* **Work item**
Output exactly, in the material below, the lines from the one with "New Crocs Baya" through the one with "Студия punch. Студия". Omit all pictures.

* **Supplied records**
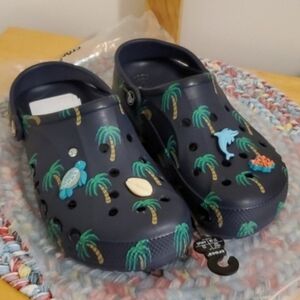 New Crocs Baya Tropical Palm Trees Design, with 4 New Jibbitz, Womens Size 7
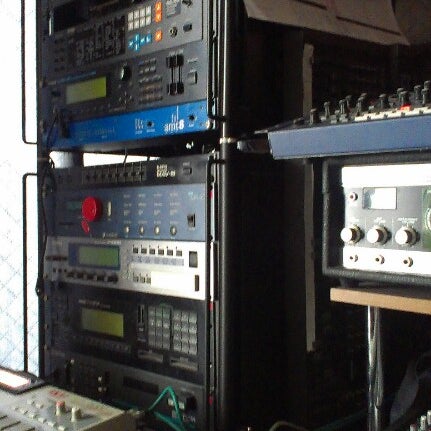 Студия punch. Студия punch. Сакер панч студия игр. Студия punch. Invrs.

==

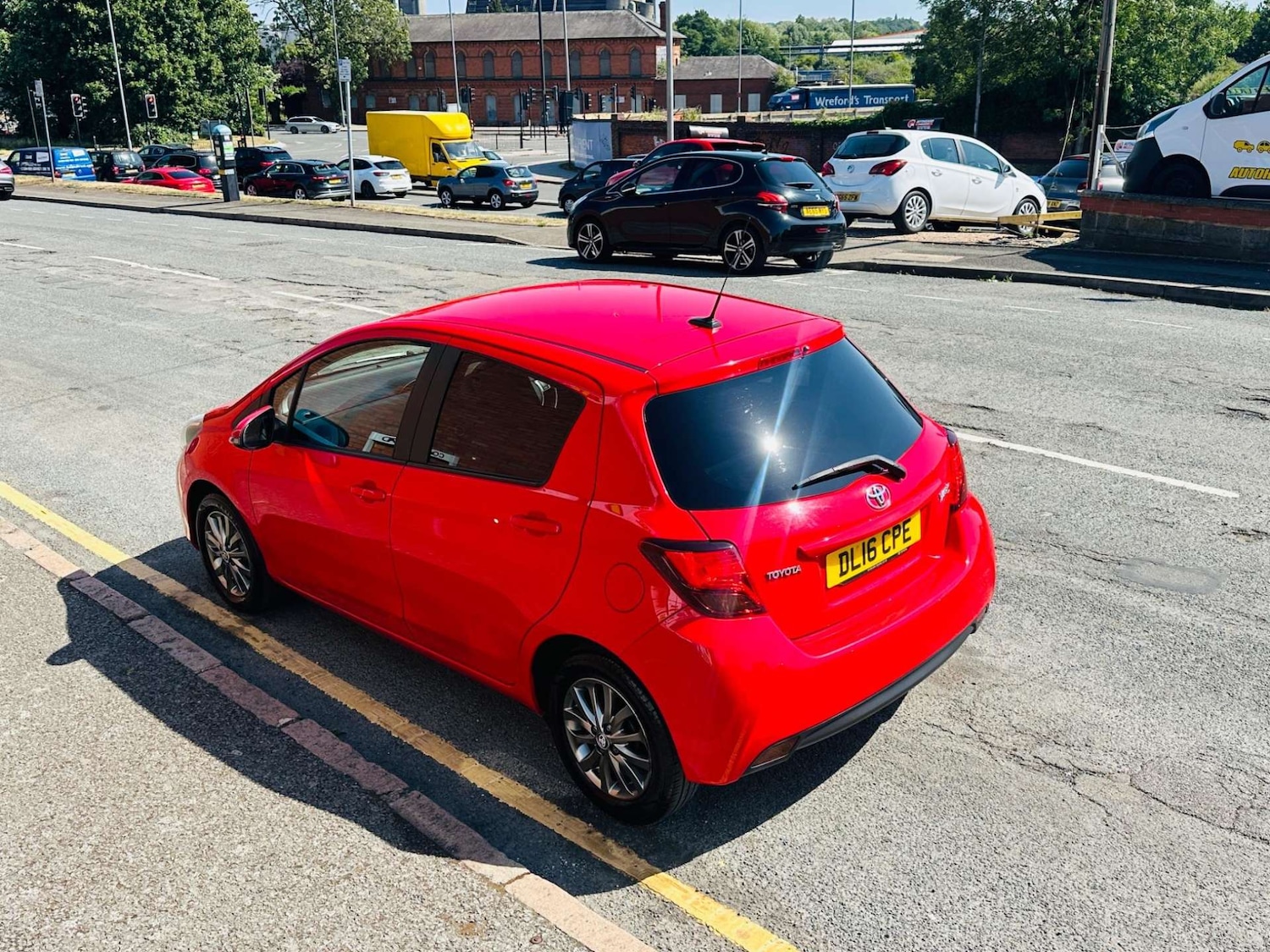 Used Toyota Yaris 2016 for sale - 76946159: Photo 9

* **Answer for this exercise**
 New Crocs Baya Tropical Palm Trees Design, with 4 New Jibbitz, Womens Size 7
 Студия punch. Студия punch. Сакер панч студия игр. Студия punch. Invrs.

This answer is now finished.